→ **Short text fragments from websites**:
+--

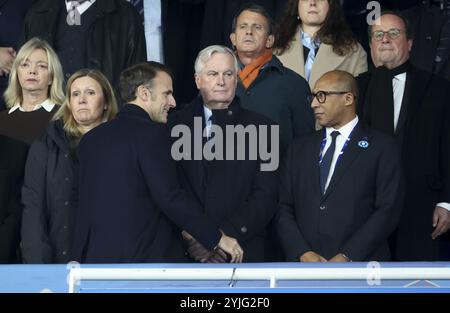 Saint Denis, Francia. 14 novembre 2024. Yael Braun-Pivet, presidente della Francia Emmanuel Macron, primo ministro francese Michel Barnier, presidente della Federazione calcistica francese Philippe Diallo, sopra Manuel Valls, Francois Hollande durante la partita di calcio UEFA Nations League, League A, gruppo A2 tra Francia e Israele il 14 novembre 2024 allo Stade de France di Saint-Denis vicino Parigi, Francia. Credito: Agenzia fotografica indipendente/Alamy Live News Foto Stock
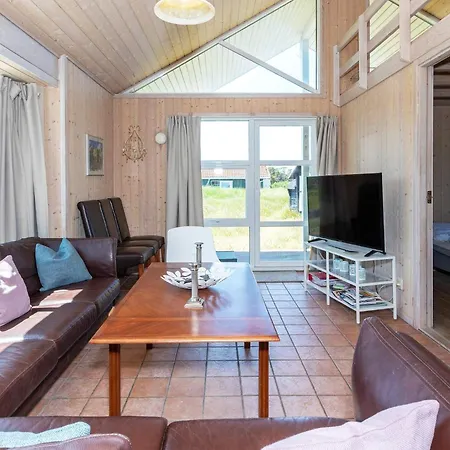 12 Person In Pandrup-by Traum * Pandrup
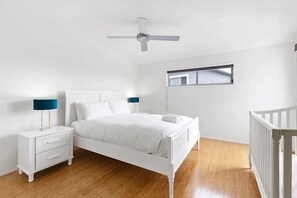 4 bedrooms, desk, WiFi, bed sheets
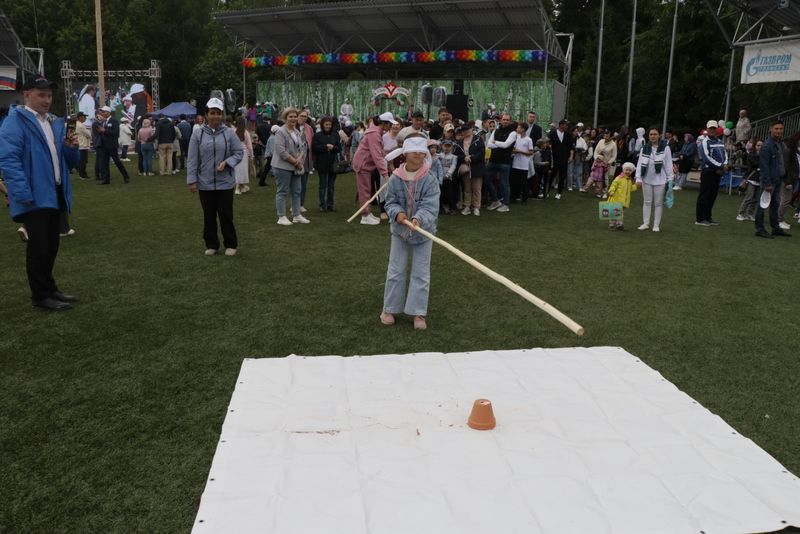 Сабантуйның сабан һәм  җыр бәйгесе батырлары тәкә  алды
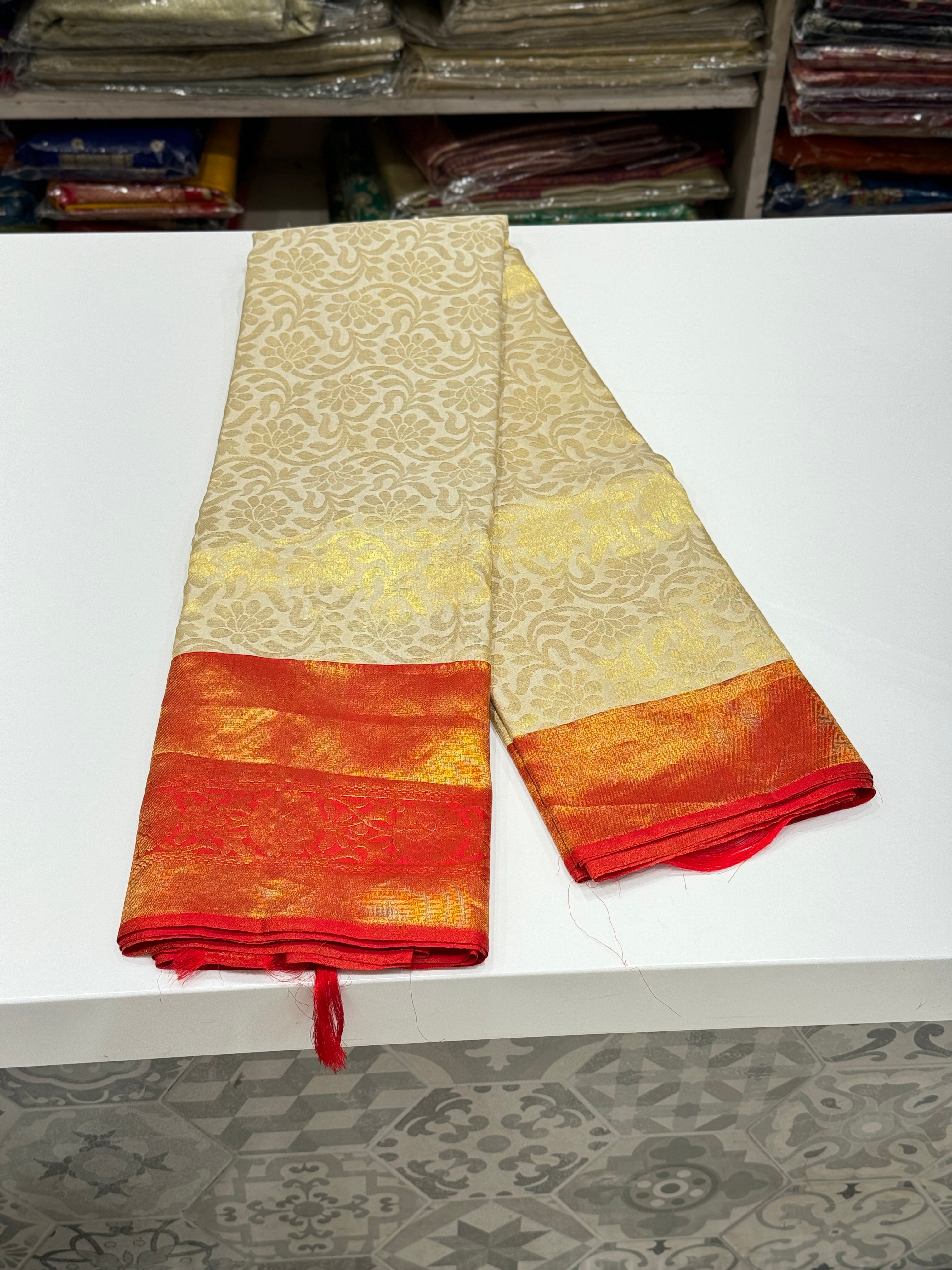 Zari Handloom Silk Red Pallu Kanjivaram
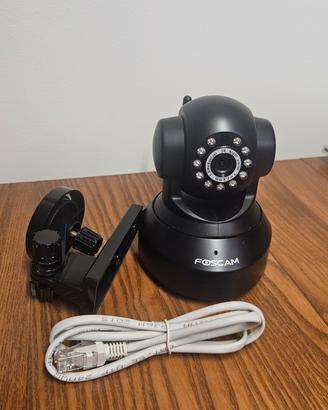 Telecamera HD WiFi Foscam FI9816P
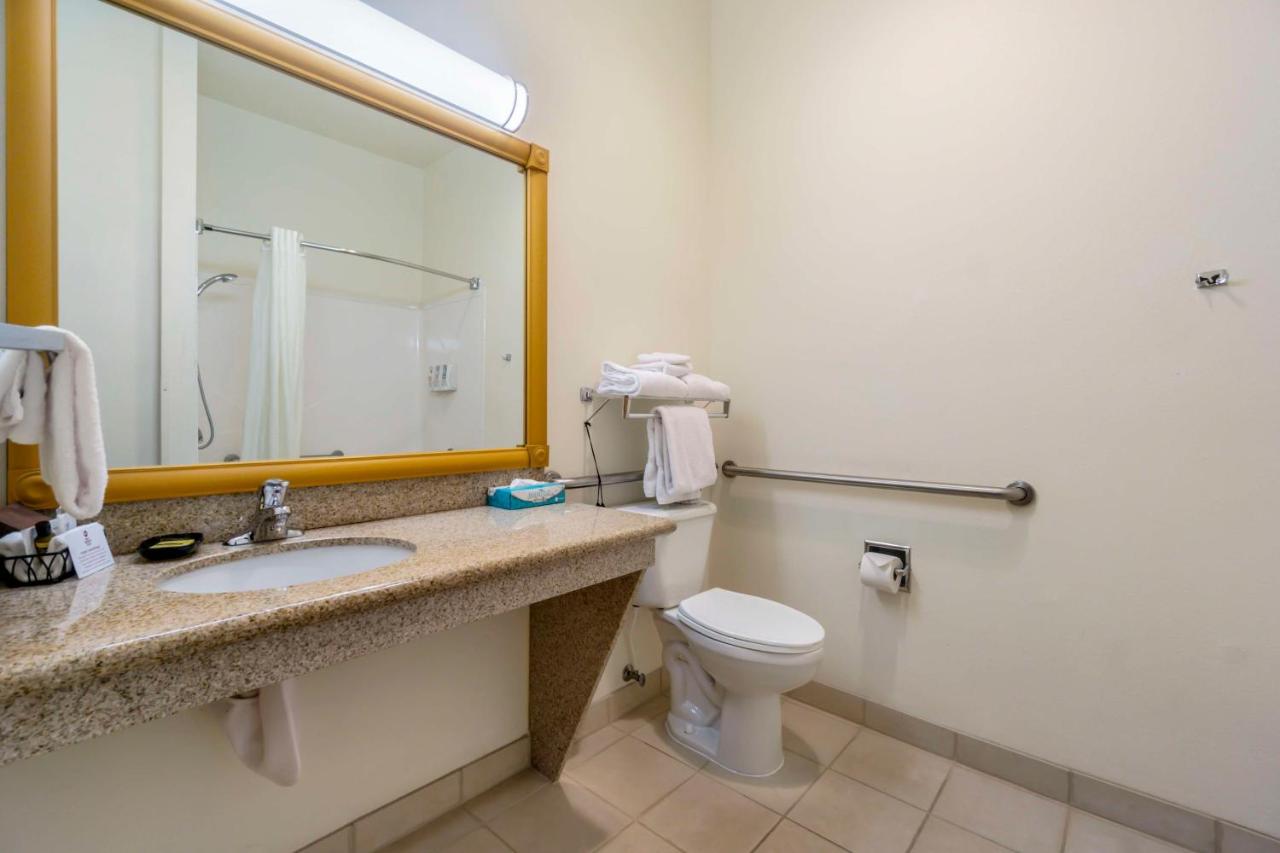  | Best Western Plus Grapevine Inn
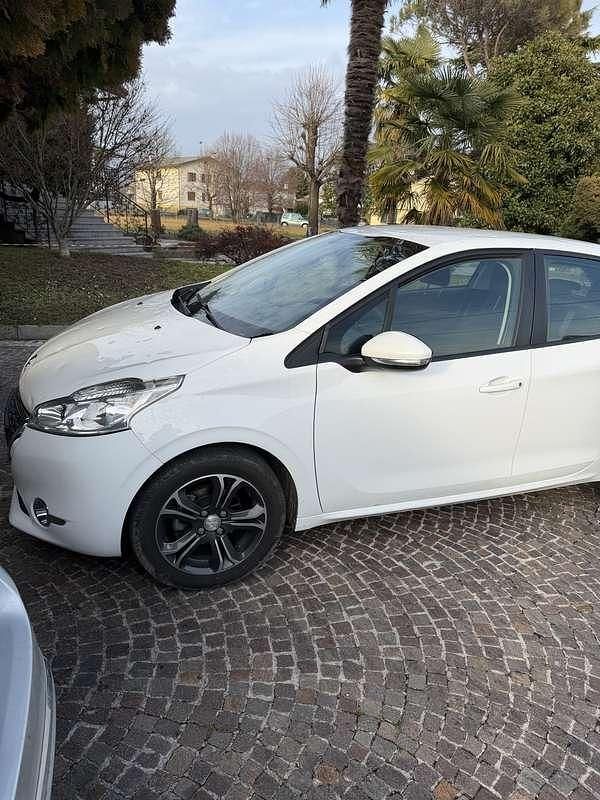Usata Peugeot 208 Active 68 CV (50 kW) 2015 Utilitaria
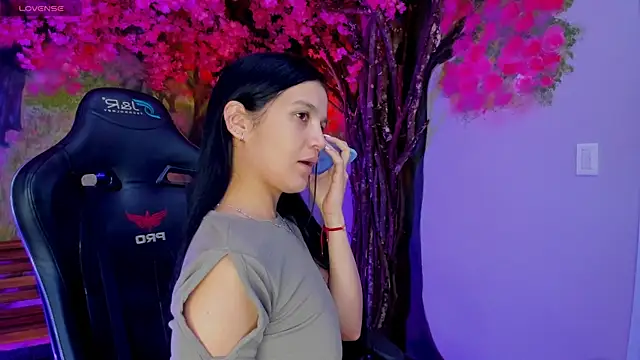 marahanson  online show from 01.05.26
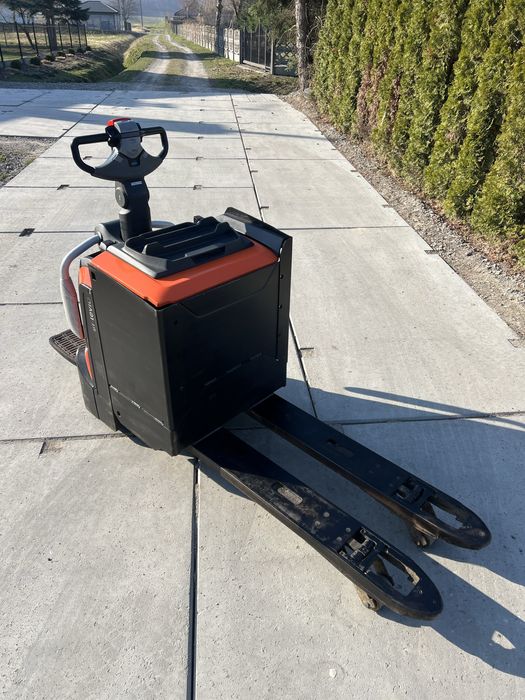 Wózek paletowy elektryczny BT LPE 250 – gotowy do pracy
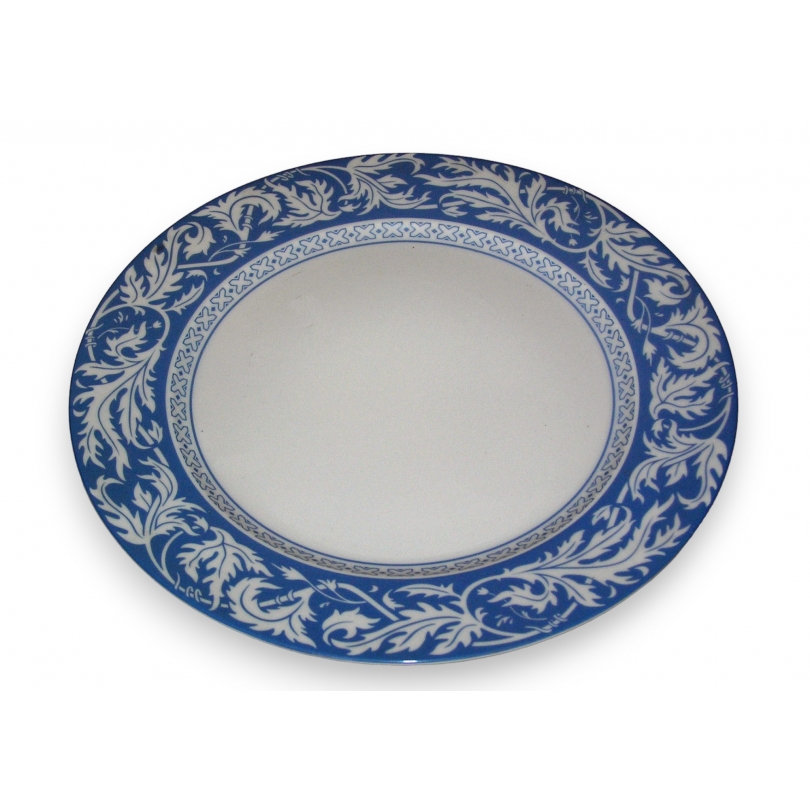 Assiette plate en porcelaine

+--

→ **BRIEF**:
With the pictures left out, copy exactly the lines from the line holding "Сабантуйның сабан һәм" through the final line of the records, including both.

→ **ANSWER TO THIS PROBLEM**:
 Сабантуйның сабан һәм  җыр бәйгесе батырлары тәкә  алды
 Zari Handloom Silk Red Pallu Kanjivaram
 Telecamera HD WiFi Foscam FI9816P
  | Best Western Plus Grapevine Inn
Usata Peugeot 208 Active 68 CV (50 kW) 2015 Utilitaria
 marahanson  online show from 01.05.26
 Wózek paletowy elektryczny BT LPE 250 – gotowy do pracy
 Assiette plate en porcelaine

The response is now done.